Write the records out again exactly as they read, dropping any picture they hold.
Top of RECORDS PROVIDED
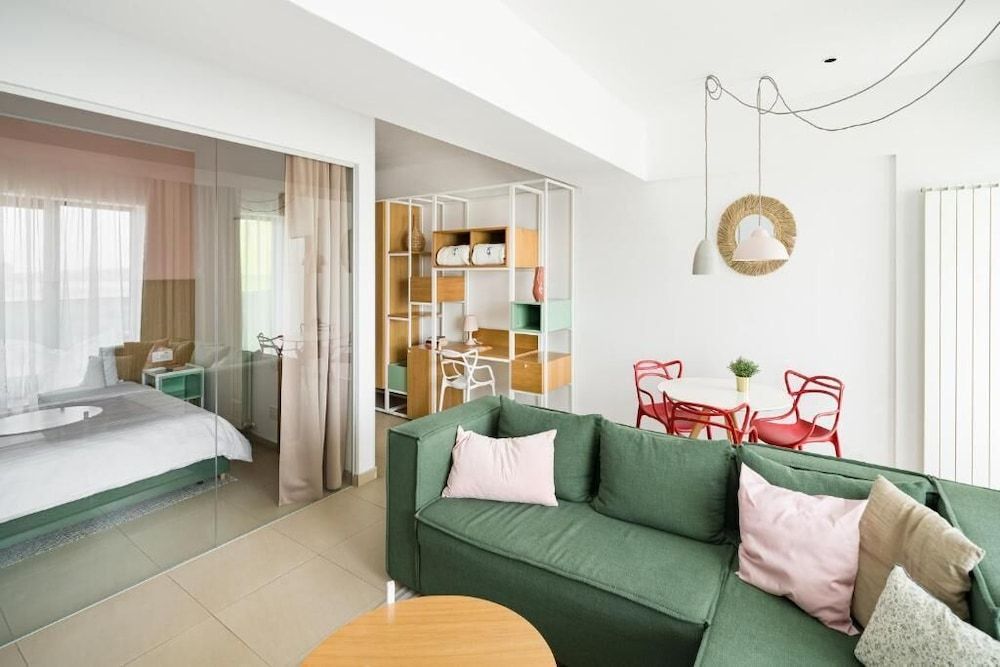 Superior Suite, Partial Sea View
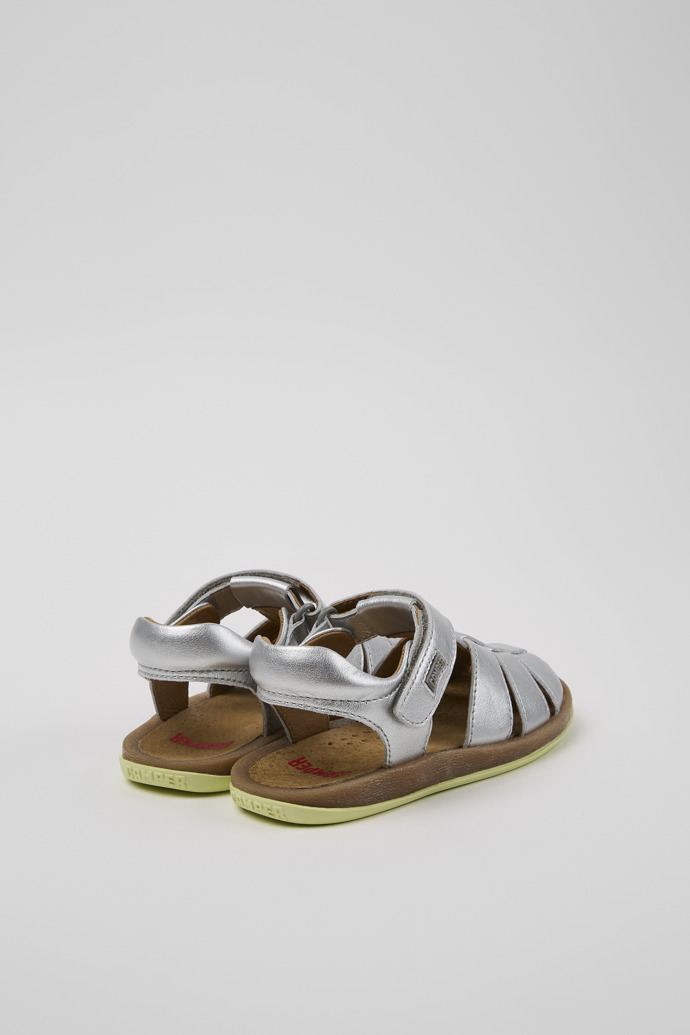 Camper Bicho - Silberne Kindersandalen aus Leder mit geschlossenem Design.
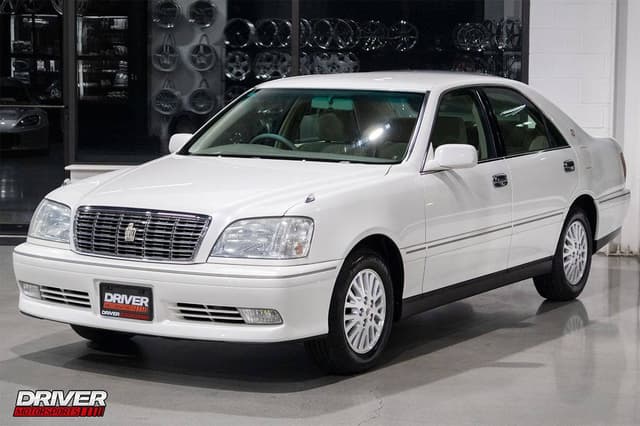 2000 Toyota Crown JDM car for sale — photo 6 of 10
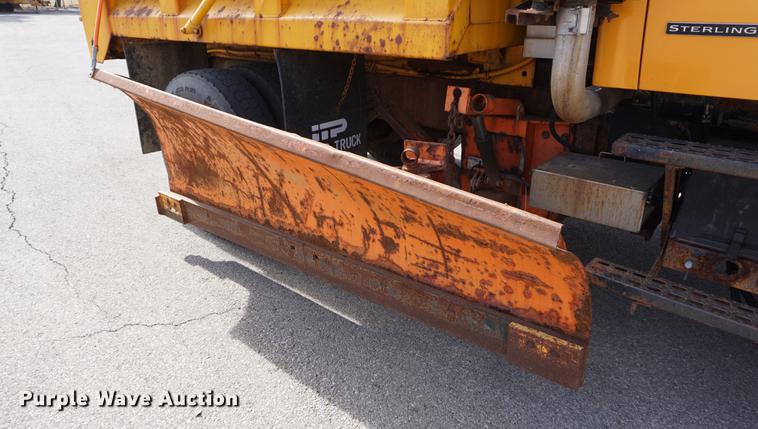 image for item DE3187 2004 Sterling L7500 dump truck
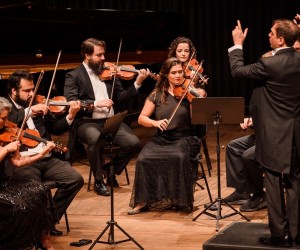 Camerata interpreta grandes compositores da música clássica ocidental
Bottom of RECORDS PROVIDED
**RESULT**.
 Superior Suite, Partial Sea View
 Camper Bicho - Silberne Kindersandalen aus Leder mit geschlossenem Design.
 2000 Toyota Crown JDM car for sale — photo 6 of 10
 image for item DE3187 2004 Sterling L7500 dump truck
 Camerata interpreta grandes compositores da música clássica ocidental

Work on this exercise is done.